[GRASS-dev] v.surf.rst with really big files, Re: r.random

Helena Mitasova hmitaso at unity.ncsu.edu
Sat Apr 4 16:00:31 EDT 2009


Markus N.
cc to Markus M. and dev list,

that is a lot of points and a huge raster and I think it ran out of  
memory due to memory leak
and it is swapping. There are several problems that v.surf.rst has  
with large files
(we have same problem too I just did not have
time to look for the fix - I may ask Markus M for help because it is  
related to things
that he has been dealing with):

- one is the use of 32 bit file offset instead of off_t (see below,  
my expertise in these issues is zero)
- another one is highly probable memory leak that might have been  
introduced with
crossvalidation - although it manages to create a quadtree in memory
it keeps filling the memory as it runs the computation so it looks  
like cleanup after
each segment computation is missing, I have some notes about where it  
is but I don't know how difficult
it is to find it and fix it.

For now we run what I call "supersegmentation" we just divide the  
whole region
into overlapping strips, interpolate and patch together using a script.
But the above issues are in fact bugs and should be fixed - I had it  
on my list for summer
but I guess it is starting to be an obstacle for more people than me so
I may as well start looking into it now - any advice will be  
appreciated,

Helena

P.S. For removing the waves in a DEM - get a small subset where it is  
a really big
problem and test the procedure with r.random - I found it quite  
challenging to get rid
of the waves once they are introduced.
And make sure they are not real - I was in for
quite a surprise when flying to FOSS4G in Victoria over the mountains  
that we used in the
1996 erosion modeling paper and where I diligently removed the waves  
after the reviewer
suggested they are artificial - there was no vegetation and the  
hillslopes have literally steps,
I should have looked at some photos when working with those data.

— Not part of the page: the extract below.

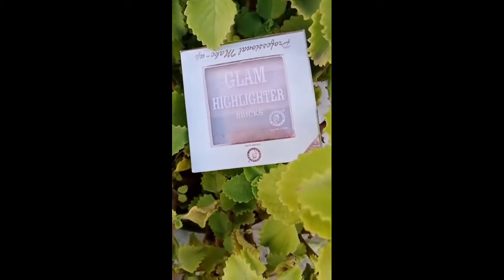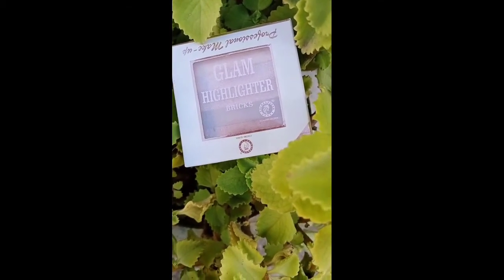Hi, Namaste, how are you all? I am Manisha and welcome back to my channel Makeup with Manisha.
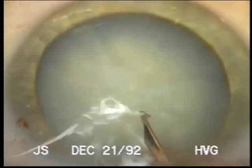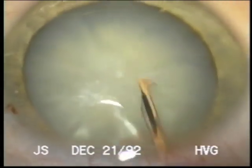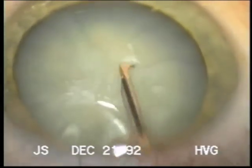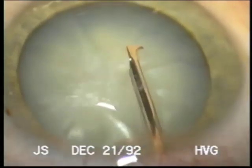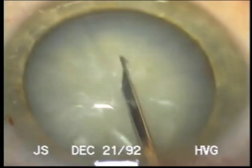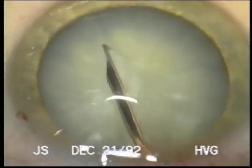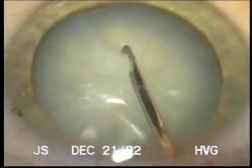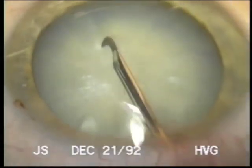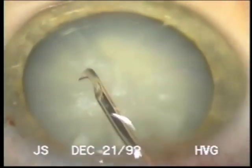So I make a very small can opener capsule for good control, and once I'm sure that I have a can opener I'm just enlarging it a little now. If we can get these definite snips with a dull cystotome, they are fairly resistant to tearing further.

------------------------------------------------------------------------ 
--------
The offending files for fseek problems are:
    output2d.c, resout2d.c, resout2dmod.c, write2d.c

The offending files where the wrong type is used for offsets are:
    interp2d.c, ressegm2d.c, segmen2d.c


GRASS 6.3.cvs (interp):~ > v.surf.rst -t in=OffShorePts4_xyz layer=0  
dmin=0.0003 elev=TestAll_z zmult=1.0 tension=1300000 smooth=1  
segmax=40 npmin=250 maskmap=InterpSouth_mask
Percent complete:
Reading lines from vector map ...
Reading nodes from vector map ...
WARNING: some points outside of region -- will ignore...
100%
100%
WARNING: strip exists with insufficient data

WARNING: there are points outside specified 2D/3D region--ignored 48760
          points
WARNING: ignoring 9075883 points -- too dense

The number of points from vector map is 10676718
The number of points outside of 2D/3D region 48760
The number of points being used is 1552075
Processing all selected output files
will require -268854816 bytes of disk space for temp files
dnorm = 0.034525, rescaled tension = 44.882578
Bitmap mask created
Percent complete:

WARNING: taking too long to find points for interpolation--please change
          the region to area where your points are. Continuing
          calculations...
Cannot fseek elev offset2=-1276198144

WARNING: taking too long to find points for interpolation--please change
          the region to area where your points are. Continuing
          calculations...
Cannot fseek elev offset2=-773086712

WARNING: taking too long to find points for interpolation--please change
          the region to area where your points are. Continuing
          calculations...
Cannot fseek elev offset2=-521417852
Cannot fseek elev offset2=-458453496
Cannot fseek elev offset2=-427071888
Cannot fseek elev offset2=-427070316

Helena,

Here are some more details regarding the 2GB file limit in the rst
code. The problem is that the current code uses 32-bit file offsets (int
and long) instead of 64-bit (off_t) offsets. The problems seem to be
limited to the src/libes/rst_gmsl/interp_float directory.  You can grep
for "offset" and "fseek" and see where the problem lines are.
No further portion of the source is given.